THE RECORDS Start Marker

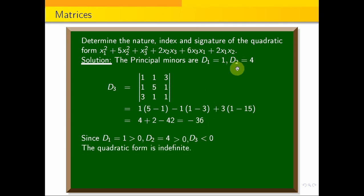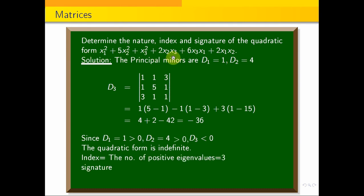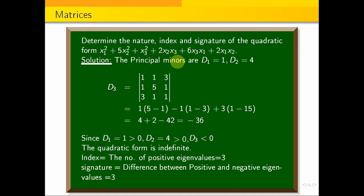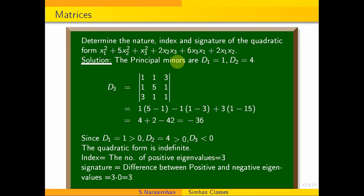The quadratic form is indefinite. The number of positive eigenvalues is 3. Signature is the difference between positive and negative eigenvalues, which is 3 minus 0, equal to 3. This is the answer. Thank you for watching.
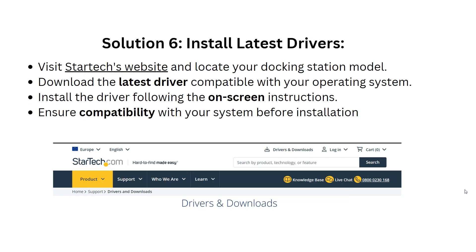Solution 6: Install the latest drivers. Visit the StarTech website and locate your docking station model, then download the latest driver compatible with your operating system. Install the driver following the on-screen instructions, and ensure compatibility with your system before installation.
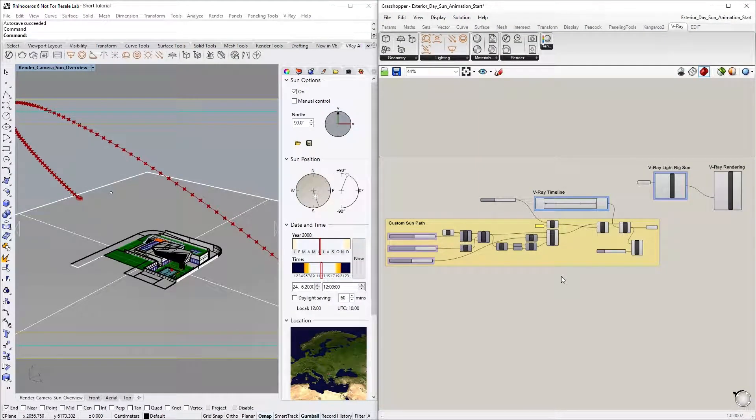We will learn how to animate the sun's position on a custom path with the help of the V-Ray Timeline component in Grasshopper, and then render the animation with V-Ray Next for Rhino.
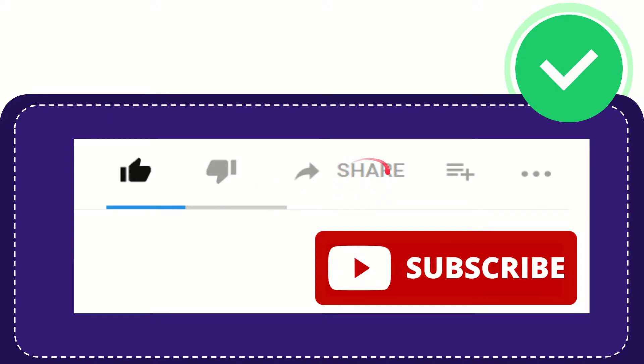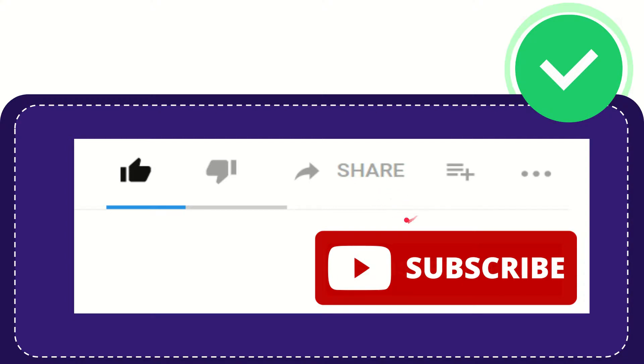You can share it to any social media that you wish that is currently available at this time, like Facebook, Twitter, LinkedIn, and many others.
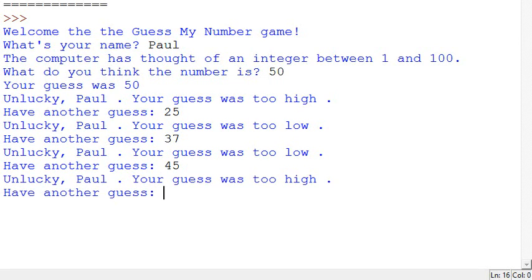Maybe 45, too high. OK, so it's between 37 and 45, so let's go for 41.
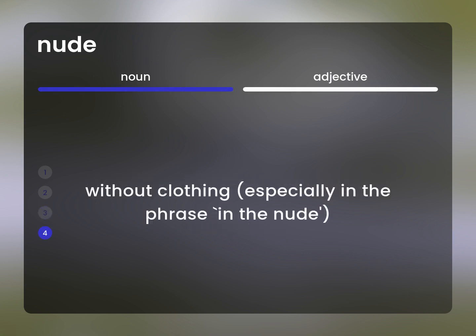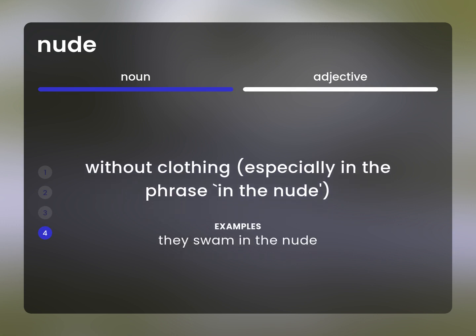Without clothing, especially in the phrase "in the nude." They swam in the nude.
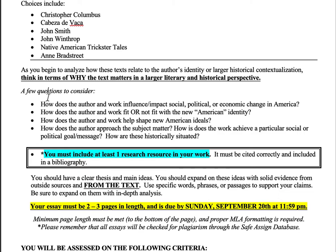The most important thing is that you keep the focus on the text, analyzing it as a piece of literature. You need to have one research source in your work. You can pull from any credible source on the internet — things like history.com, biography.com, PBS, or anything .edu is fine. Wikipedia is not acceptable because it can be edited by anyone. Don't use sites like 123helpme.com or gradesaver.com — these are not credible sources.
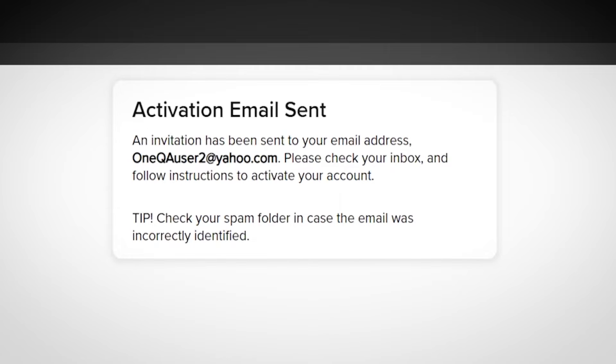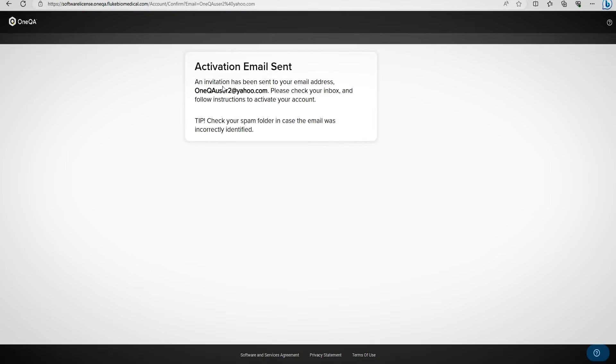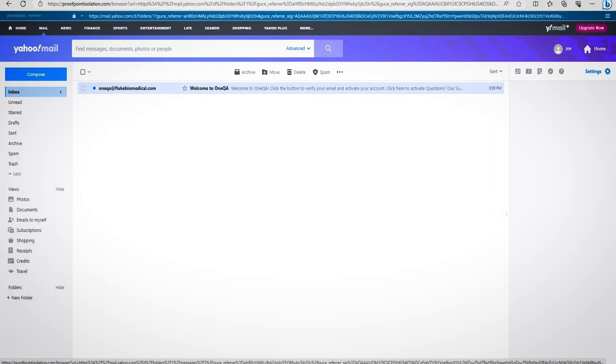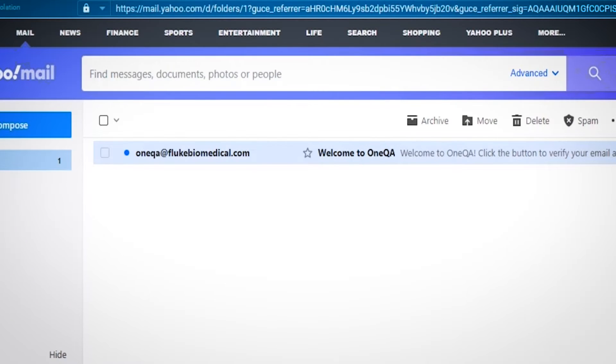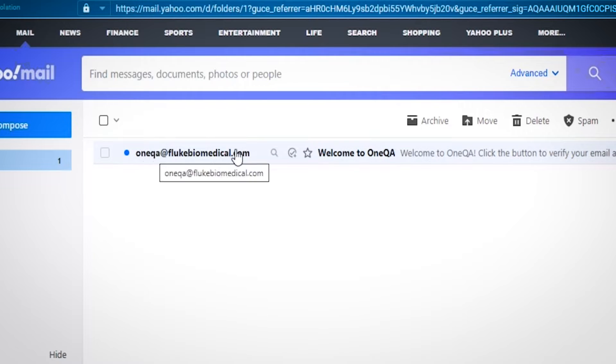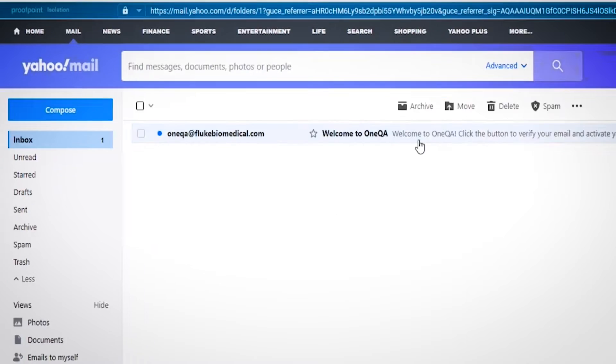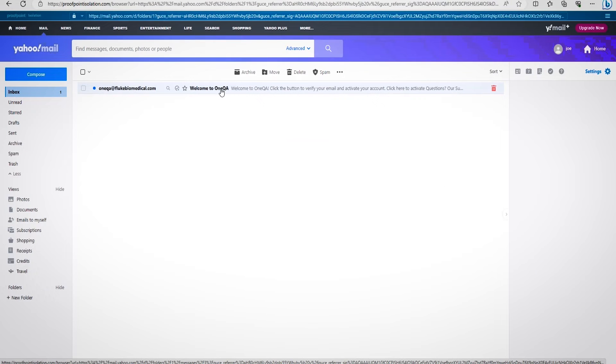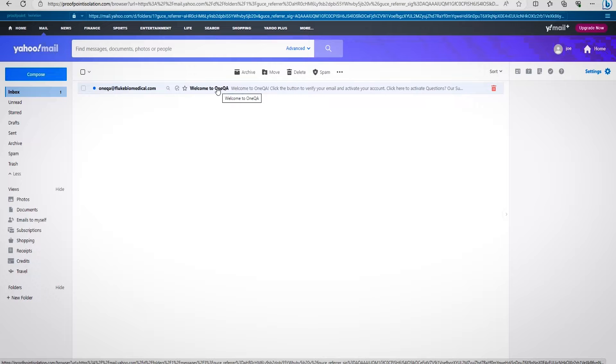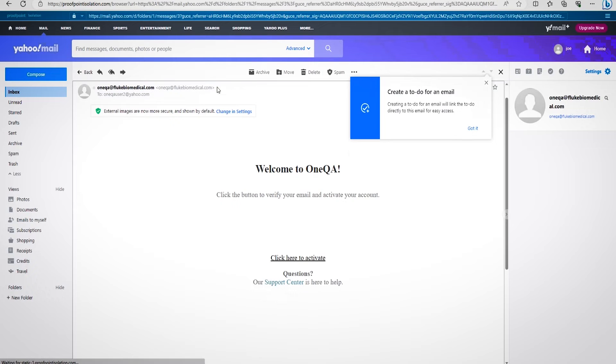An email will be sent to the address you provided during registration, so let's check our email. Now that we've accessed our email account, let's look for an email from OneQA at Fluke Biomedical. If it's not in your inbox, please check your spam folder. You should receive the activation email within 5 to 10 minutes after registering your account.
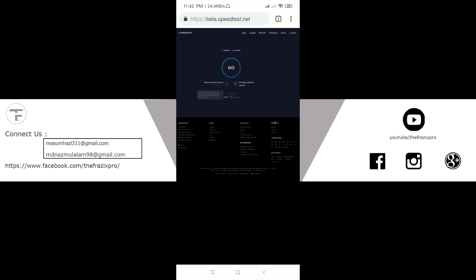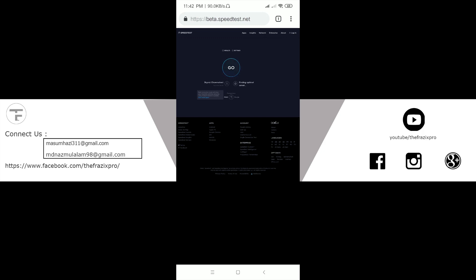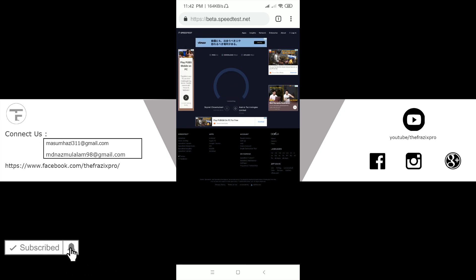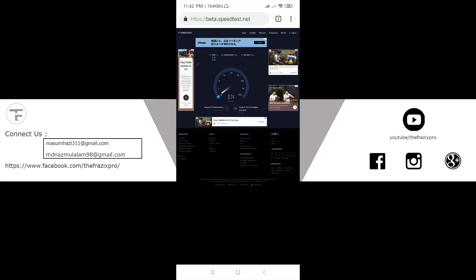We are going to click on our Google Chrome website. Then, we are going to start the Internet Speed test. It is very simple. Then, we are going to show the ping 11.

THE RECORDS End Marker

Retype the data above exactly. Leave the pictures out.

EXERCISE ANSWER ->
The quadratic form is indefinite. The number of positive eigenvalues is 3. Signature is the difference between positive and negative eigenvalues, which is 3 minus 0, equal to 3. This is the answer. Thank you for watching.
Solution 6: Install the latest drivers. Visit the StarTech website and locate your docking station model, then download the latest driver compatible with your operating system. Install the driver following the on-screen instructions, and ensure compatibility with your system before installation.
We will learn how to animate the sun's position on a custom path with the help of the V-Ray Timeline component in Grasshopper, and then render the animation with V-Ray Next for Rhino.
You can share it to any social media that you wish that is currently available at this time, like Facebook, Twitter, LinkedIn, and many others.
Maybe 45, too high. OK, so it's between 37 and 45, so let's go for 41.
Without clothing, especially in the phrase "in the nude." They swam in the nude.
The most important thing is that you keep the focus on the text, analyzing it as a piece of literature. You need to have one research source in your work. You can pull from any credible source on the internet — things like history.com, biography.com, PBS, or anything .edu is fine. Wikipedia is not acceptable because it can be edited by anyone. Don't use sites like 123helpme.com or gradesaver.com — these are not credible sources.
An email will be sent to the address you provided during registration, so let's check our email. Now that we've accessed our email account, let's look for an email from OneQA at Fluke Biomedical. If it's not in your inbox, please check your spam folder. You should receive the activation email within 5 to 10 minutes after registering your account.
We are going to click on our Google Chrome website. Then, we are going to start the Internet Speed test. It is very simple. Then, we are going to show the ping 11.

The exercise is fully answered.